Don’t cheat your muse
“Cheat your landlord if you can and must, but do not try to shortchange the Muse. It cannot be done. You can’t fake quality any more than you can fake a good meal.” – William S. Burroughs
In Casablanca, Ilsa says, “Kiss me. Kiss me as if it were the last time.”
I wonder if we should write like that, as though the story or novel in progress is going to be the last thing we do before we retire to Hawaii or the asylum or bee keeping. If we wrote like that, we’d make everything matter, the best we could do, like kissing a lover for the last time.
Burroughs says you can;t fake a good meal. Sure, we can throw something together in the kitchen or nuke a TV dinner or stop by a fast food place on the way home. It saves us a lot of trouble. I see a lot of advice on the Internet that urges us to write like that: write a novel in a month, turn out multiple books in a year, getting from nothing to a bestseller in 30 days. You can even get plot generators at some place called McNovels (or whatever it is).
What’s the hurry?
Myth: The sooner the book gets on Amazon, the sooner you’ll be famous. The money and the five-star reviews will come rolling in. A big publisher will send you $250,000 for your next book. Agents will actually call you.
Writing in a hurry as though that myth is true might be one way to cheat your muse. Or, possibly, cheat on your muse by sleeping with scam artists who make more money selling books and webinars that promise you ways of writing faster and faster and becoming famous before the ink dries.
It’s tempting, I know. A program or a method or a recipe usually promises us the world. It even comes with a lot of testimonials from writers that–guess what–you’ve never heard of. Nonetheless, when somebody says, “Last year I was digging graves in the rain at minimum wage, but then I saw Joe Smith’s miracle writing plan and I put down my shovel and followed his advice and became richer than J. K. Rowling.”
If you haven’t heard of the former grave digger’s books, Joe Smith is selling broken shovels.
The alternative is listening to the inspiration we have, that we know we have, and writing that story word by word by word the way we know we can do it even though the first draft might take months or years, and then the second draft might take more months or years. And even though we’re not on Amazon yet, we know the stuff we write when we write like that is good because we’ve read through it late at night and felt a chill run through us as we wondered where it came from and how we pulled it all together.

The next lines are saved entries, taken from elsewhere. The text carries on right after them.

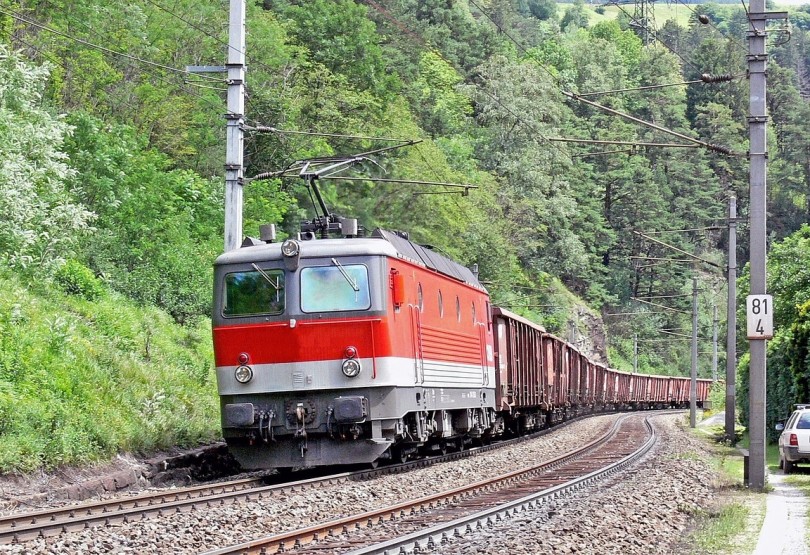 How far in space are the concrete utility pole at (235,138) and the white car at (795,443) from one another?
35.3 feet

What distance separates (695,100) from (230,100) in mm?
109434

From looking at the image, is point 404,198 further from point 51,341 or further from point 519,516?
point 519,516

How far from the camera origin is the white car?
2133cm

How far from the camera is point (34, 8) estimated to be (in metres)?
36.5

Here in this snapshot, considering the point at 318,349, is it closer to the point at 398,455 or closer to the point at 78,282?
the point at 398,455

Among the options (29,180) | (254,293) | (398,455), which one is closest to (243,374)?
(254,293)

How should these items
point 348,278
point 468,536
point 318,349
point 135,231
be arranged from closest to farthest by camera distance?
point 468,536
point 318,349
point 348,278
point 135,231

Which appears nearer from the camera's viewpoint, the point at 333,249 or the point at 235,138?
the point at 333,249

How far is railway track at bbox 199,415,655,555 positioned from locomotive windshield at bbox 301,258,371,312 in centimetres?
311

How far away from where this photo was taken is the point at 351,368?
16406mm

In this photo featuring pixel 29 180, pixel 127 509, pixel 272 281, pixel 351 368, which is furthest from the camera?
pixel 29 180

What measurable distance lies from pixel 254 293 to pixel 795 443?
10.7 meters

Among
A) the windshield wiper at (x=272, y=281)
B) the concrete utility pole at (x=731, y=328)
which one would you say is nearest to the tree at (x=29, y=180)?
the windshield wiper at (x=272, y=281)

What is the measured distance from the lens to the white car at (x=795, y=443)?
70.0ft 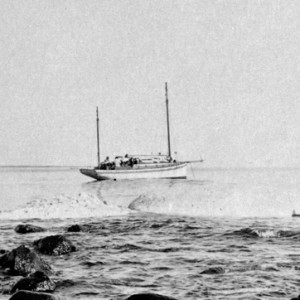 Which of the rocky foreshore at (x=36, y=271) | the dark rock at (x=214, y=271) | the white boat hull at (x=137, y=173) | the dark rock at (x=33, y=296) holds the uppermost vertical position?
the dark rock at (x=33, y=296)

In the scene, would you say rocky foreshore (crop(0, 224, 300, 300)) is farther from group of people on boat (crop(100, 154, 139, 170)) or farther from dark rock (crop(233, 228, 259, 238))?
group of people on boat (crop(100, 154, 139, 170))

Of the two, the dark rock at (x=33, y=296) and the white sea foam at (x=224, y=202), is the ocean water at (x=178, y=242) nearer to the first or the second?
the white sea foam at (x=224, y=202)

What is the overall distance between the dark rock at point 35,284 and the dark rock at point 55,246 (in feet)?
11.8

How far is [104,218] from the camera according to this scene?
20.0 meters

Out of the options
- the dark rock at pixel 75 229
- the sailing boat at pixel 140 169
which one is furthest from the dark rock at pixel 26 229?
the sailing boat at pixel 140 169

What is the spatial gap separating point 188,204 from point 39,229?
8.34 metres

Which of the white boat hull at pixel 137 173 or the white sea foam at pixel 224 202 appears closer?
the white sea foam at pixel 224 202

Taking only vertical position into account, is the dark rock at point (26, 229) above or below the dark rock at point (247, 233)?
above

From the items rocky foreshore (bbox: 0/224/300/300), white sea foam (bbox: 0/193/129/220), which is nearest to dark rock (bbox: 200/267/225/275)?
rocky foreshore (bbox: 0/224/300/300)

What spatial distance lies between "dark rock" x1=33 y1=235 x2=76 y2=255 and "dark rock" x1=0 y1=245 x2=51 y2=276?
1.92m

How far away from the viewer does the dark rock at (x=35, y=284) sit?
8.42 m

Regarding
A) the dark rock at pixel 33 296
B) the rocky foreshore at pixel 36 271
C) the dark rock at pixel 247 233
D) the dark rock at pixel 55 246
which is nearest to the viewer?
the dark rock at pixel 33 296

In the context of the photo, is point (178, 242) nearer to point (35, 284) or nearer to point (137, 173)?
point (35, 284)

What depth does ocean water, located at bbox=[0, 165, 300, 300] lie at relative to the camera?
29.0 feet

When we re-read it just to make sure we’re not dreaming, it reminds us of the last kiss we gave somebody that we cared about who–for reasons unknown–disappeared from our lives as soon as we stepped away from each other.
Our muses get stronger when we try to write pages than send those chills through us or make us laugh harder than we did the last time we saw a Robin Williams comedy bit or make us shed more tears than we did when Ilsa got on that plane and left Rick standing there in the airport in “Casablanca.”
If Joe Smith reads this post, he’ll probably say, “Don’t you believe that goody-two-shoes stuff.” (Does anyone say “goody-two-shoes” any more?) Well, Mr. Smith, it doesn’t take much to see that the opinions of all the get rich quick gurus don’t amount to a hill of beans in this crazy world. Someday we’ll understand that and write everything we write as though it’s the last time.